While there are arguments on both sides of the issue of the city’s “footprint”, the political implication was clear – Lambert wished to avoid the fate of BNOB by deferring the question of who was to return to the city. Another apparently political calculation was the emphasis made on hiring local consultants, including the pairing of Danzey with the Miami based Lambert – a move praised by both Mayor Nagin and Councilwoman Cynthia Hedge-Morrell during opening comments at the final unveiling of the plans.

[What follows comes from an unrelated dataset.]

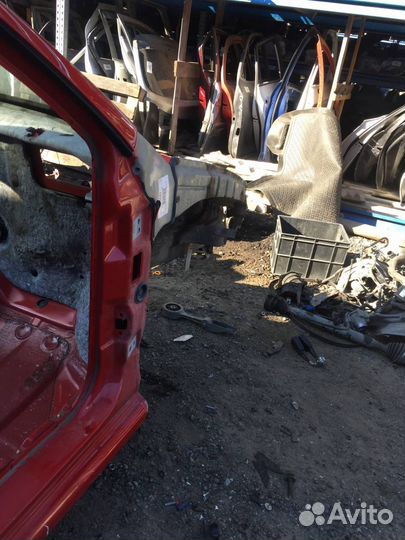 Б/У Лонжерон передний правый 6Q0803092D VAG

The Lambert process, now essentially complete, continues to have supporters who argue that New Orleans cannot wait any longer for federal money and should use the finished plans as a basis for immediate requests for assistance from the LRA. City Council members Cynthia Hedge-Morrell and Cynthia Willard-Lewis, in particular, have made arguments to this effect, rallying New Orleanians to demand their fare share of reconstruction funds. It is unclear, however, exactly what pots of money are available and whether the Lambert plans will be considered sufficient to loosen the purse strings at the state or federal levels. In fact, an initial investigation has found the exact opposite to be true: without a plan that covers all of New Orleans (as has been done in every other hurricane-impacted Parish), no money will be released. That said, there has been some discussion among decision makers at the state level to fast-track projects that have broad-based support, and Lambert can claim a small victory in that regard.

On the whole, however, the Lambert planning process was deeply (perhaps fatally) flawed. The City Council and Lambert ignored two basic requirements that have been publicly voiced by the LRA: that the planning process be as apolitical as possible and that the entire city (not just the flooded neighborhoods) be included in the recovery plan. It has also failed to engage the City Planning Commission during the planning process, the body that, presumably, will oversee the implementation of many of the ideas detailed in the final documents. There is also some question about the legality of Lambert’s no-bid contract, a point made vociferously by a local organization known as the Bureau of Governmental Research.[2]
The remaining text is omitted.